Now we have a stream of pptokens with file and line numbers marked.

The next step is to accumulate preprocessing directives and text sequences. You will need to do this in a stream, as some preprocessing directives will change the system state that will effect how later directives are handled. You can delimit preprocessing tokens as previously. A new-line # signifies the start of a preprocessing directive and a new-line ends one. This can be done with a little DFA or state machine.

Each time a preprocessing directive is encountered you will need to take a certain action.

Conditional inclusion is a bit more complicated. A #if, #ifdef or #ifndef will start an if group, a matching #endif will close it.
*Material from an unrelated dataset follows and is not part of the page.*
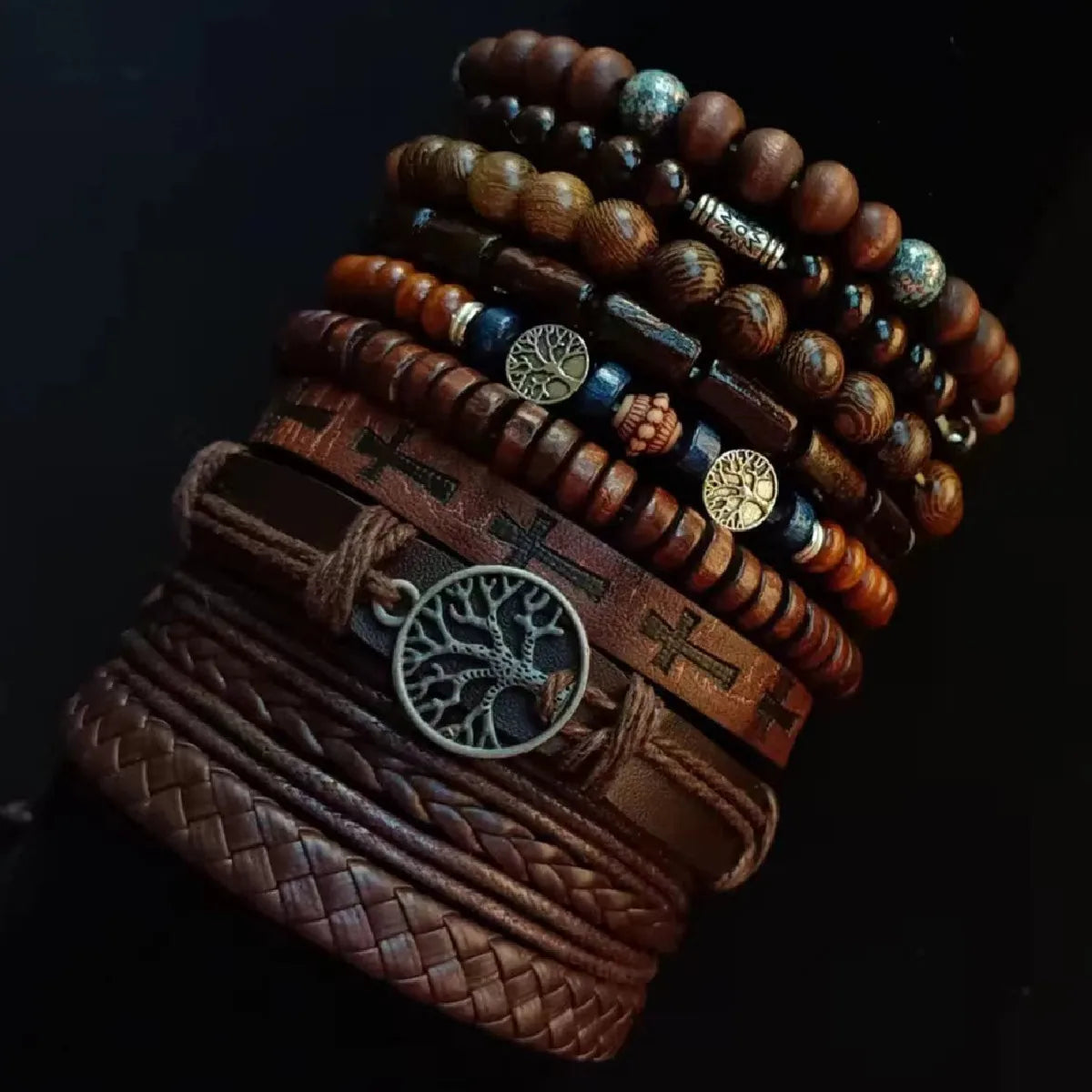 Stack of wooden and leather bracelets with various charms on a dark background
In between there can be one of more #elifs and an optional #else. Depending on the corresponding truth values of the controlling expressions, each section is either active or inactive.

Whether in an inactive or active group, a nested #if group must be ordered correctly (with respect to #elifs, #else and #endif), however inside an inactive group all preprocessing directives (aside from there name) are ignored. For example, the following is valid:

#if 0
#if foo bar baz
#elif foo bar baz ... @
#else @@@@@
#endif @@@@@
#else
ok
#endif

This is because the nested #if group is in an inactive section. Any sequence of tokens can come after the directive names in this case. However the following is invalid:

#if 0
#if foo bar baz
#else @@@@@
#elif foo bar baz ... @
#endif @@@@@
#else
ok
#endif

The #else and #elif directives are in the wrong order. This order must be correct even in an inactive section.

This can be implemented with a stack of states. When you enter an #if group or #include, push a new state onto the stack. As you proceed through an #if group update the state. When you exit an #if group or #include pop the state off the stack. The state can keep track of whether or not you are in an #if group, where in the #if group you are, and whether or not you are currently active. As the different directives are encountered they alter the state on the top of the stack or push or pop states from it.

Standard Platform Includes (Optional/Ungraded)

This is an optional additional feature. You are not required to implement it, and it will not be graded.

Implement a --stdinc command-line switch that adds the following directories to your include file search path:

/usr/include/c++/4.7
/usr/include/c++/4.7/x86_64-linux-gnu
/usr/include/c++/4.7/backward
/usr/lib/gcc/x86_64-linux-gnu/4.7/include
/usr/local/include
/usr/lib/gcc/x86_64-linux-gnu/4.7/include-fixed
/usr/include/x86_64-linux-gnu
/usr/include

These are the stanard system includes from the bootstrap enviornment.

You can extract this list from the bootstrap gcc compiler with the following command:

$ echo | g++ -E -v -x c++ -

Also of interest, to extract the list of predefined macros from gcc you can use this command:

$ gcc -dM -E - <<<''

If you have time feel free to experiment with preprocessing the headers in /usr/include, but note that many headers use non-standard features that will not be compatible with your toolchain. This is expected, and not something to worry about. Much later in the course you will be making a self-hosting build of your compiler, and discard the bootstrap environment. The produced self-hosted compiler will compile programs against your standard library headers, and not the standard library headers from the bootstrap environment. The bootstrap standard library is only used for building your "stage 1" compiler, which is dynamically linked against the bootstrap standard library (libstdc++). Your stage 1 compiler will statically link compiled programs against your standard library. Your stage 1 compiler will then be used to compile your stage 2 compiler, by compiling your compiler sources. This stage 2 compiler will be statically linked against your standard library (as well as compiling programs against your standard library like the stage 1 compiler). Notice that this stage 2 compiler will have no dependencies on the bootstrap environment.

The important thing to understand for this assignment is that nowhere in this whole bootstrapping process does your preproc code need to preprocess the headers in /usr/include.